AP Photo/Miguel Gomez
NEW YORK Vladimir Guerrero had such a huge impact during the final week of the season that voting for the American League Most Valuable Player award wasn't even close.
Guerrero easily defeated his competitors on the Boston Red Sox and New York Yankees on Tuesday, becoming just the fifth player to switch leagues and earn the honor in his first season with his new team.
The Anaheim Angels right fielder received 21 of 28 first-place votes and 354 points in balloting by the Baseball Writers' Association of America.
Yankees right fielder Gary Sheffield finished second with five first-place votes and 254 points. Boston players split the remaining two first-place votes, with left fielder Manny Ramirez finishing third with 238 points and designated hitter David Ortiz winding up fourth with 174 points.
Guerrero was prepared for a close vote.
''I was in no way expecting it to be the way it came out,'' he said through a translator during a conference call from the presidential palace in the Dominican Republic.
Guerrero, 28, signed a $70 million, five-year contract with the Angels last January after eight seasons with the Montreal Expos. He hit .337 with 39 homers and 126 RBIs as Anaheim won the AL West, and led the league with 124 runs and 366 total bases.
He batted .371 in September with 10 homers and 23 RBIs, and went 14-for-30 (.467) with six homers and 11 RBIs in the last six games of the season, helping the Angels finish one game ahead of Oakland.
Anaheim manager Mike Scioscia said Guerrero was ''at times carrying our team single-handedly.''
''When he came to our team, our expectations were obviously very, very high, and he met every one of them,'' Scioscia said. ''Not many players can do what he did the last week.''
The only other non-rookies who became MVPs in their first AL seasons were Baltimore's Frank Robinson (1966), Chicago's Dick Allen (1972) and Detroit's Willie Hernandez (1984). In the NL, Kirk Gibson accomplished the feat with Los Angeles in 1988.
Houston's Roger Clemens won the NL Cy Young Award last week following his first season in the league. Clemens won six Cy Youngs in the AL.
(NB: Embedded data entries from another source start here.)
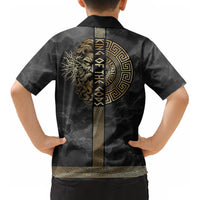 Zeus Greek Mythology King Of Gods Kid Hawaiian Shirt Golden Meander Key Pattern Lightning Bolt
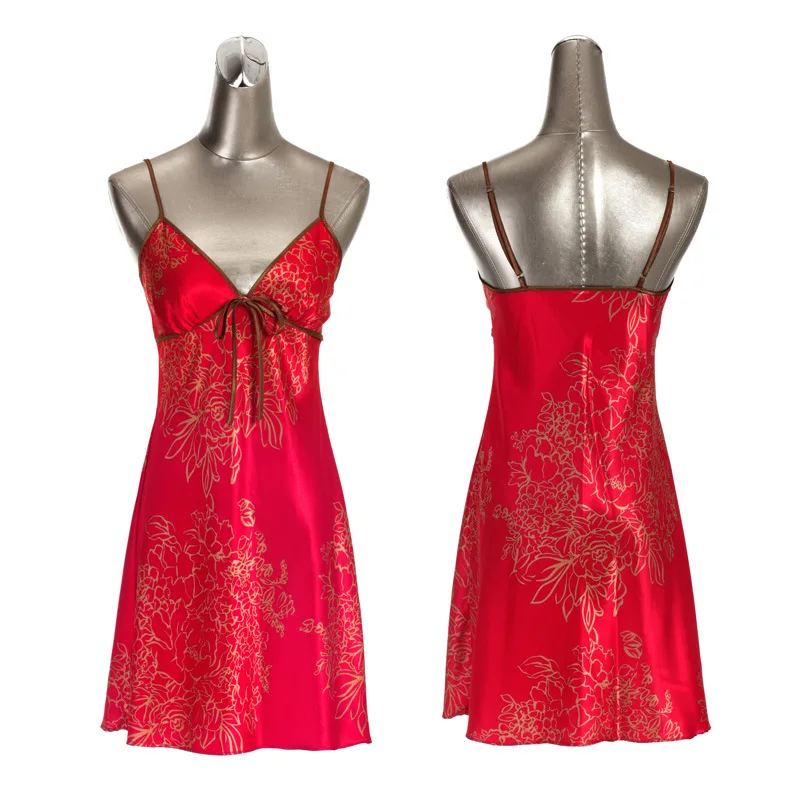 Satin Nightgowns Women Silk Sleeping Dress Summer Sleepwear Ladies Satin Silk Nightdress Dropshiping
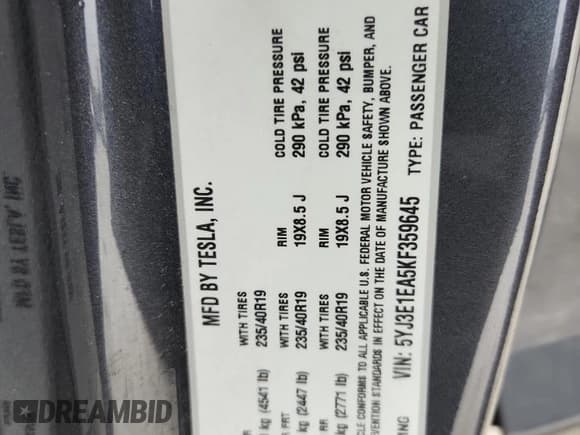 ✅ 2019 Tesla Model 3 Mid Range • VIN: 5YJ3E1EA5KF359645 • Lot: 93496825. Wystawiony na Copart z przebiegiem 73 956 mil. Bezpłatny archiwum sprzedaży aukcyjnych z USA i szczegółowy raport historii pojazdu na DreamBid. Zdjęcie 12.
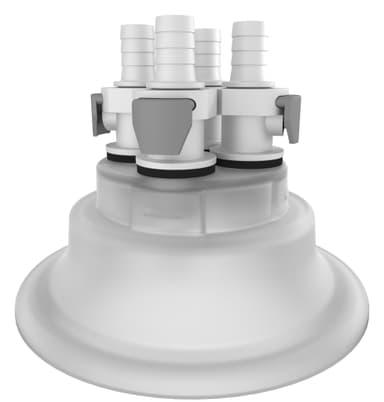 VersaCap 120 mm Wide Mouth Carboy Adapter, Tangle Free Quick Connect Adapter, Four (4 X) 3/8 Inch Detachable Hose Barbs for 1/4 Inch ID Tubing, for use with VersaCap 120 mm Open Cap, 1/EA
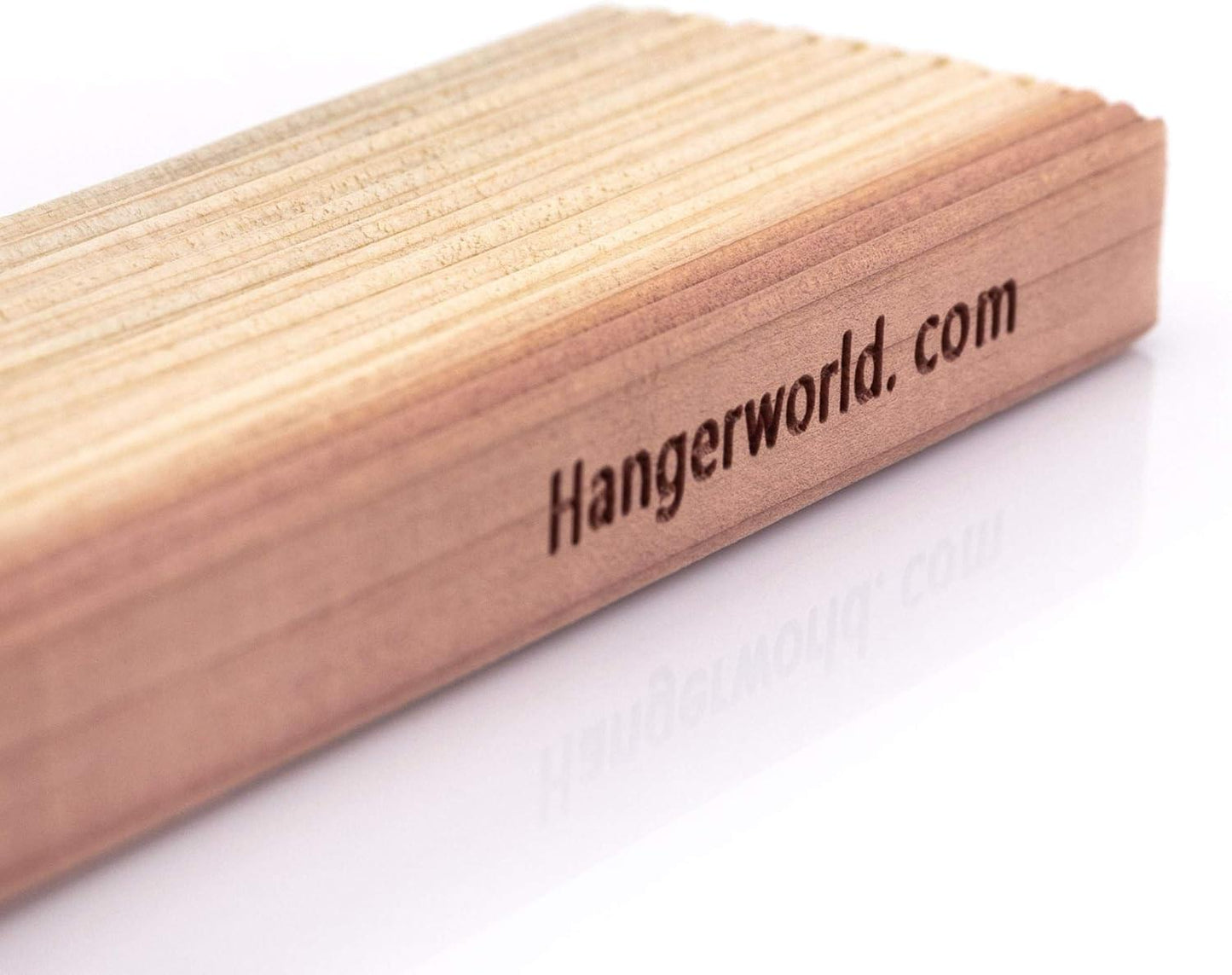 Cedar wood hanger with 'Hangerworld.com' text and silver metal hook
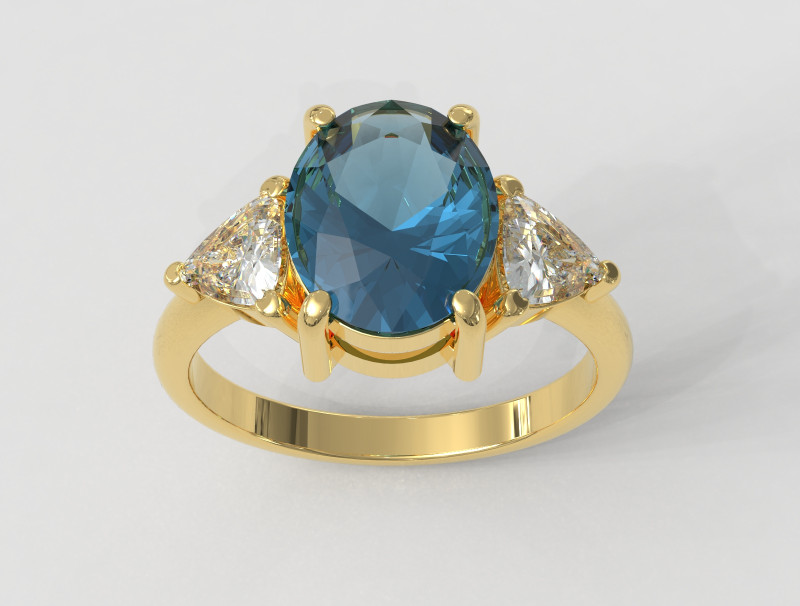 Classic Oval Gemstone Ring 3D-printmodel .c4d .max .obj .3ds .fbx .stl .blend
Guerrero became the second Angels player to win, joining Don Baylor (1979). He is the fourth Dominican to be MVP, following Toronto's George Bell (1987), the Chicago Cubs' Sammy Sosa (1998) and Oakland's Miguel Tejada (2002). He became the ninth straight player from the AL West to win.
''Vlad has got such a great temperament. For as talented as he is, he's probably the most unassuming superstar you'd ever be around,'' Scioscia said. ''He's got probably the smallest ego of anybody that has accomplished what he has.''
Guerrero was especially happy the three of the top four finishers in the voting were Dominican.
''It's in our blood,'' he said. ''We grow up with baseball.''
Guerrero gets a $500,000 bonus for winning the award and Ramirez $100,000 for finishing third. Ortiz didn't get anything for finishing fourth but would get $400,000 for finishing second through fifth in his contract that starts next season.
Tejada, now with Baltimore, gets a $300,000 bonus for finishing fifth, and Detroit's Ivan Rodriguez gets $100,000 for winding up 10th.
Anaheim was swept by Boston in the first round of the playoffs, Guerrero's first time in the postseason, and he hopes to get back every year.
''It really left a taste in my mouth,'' he said.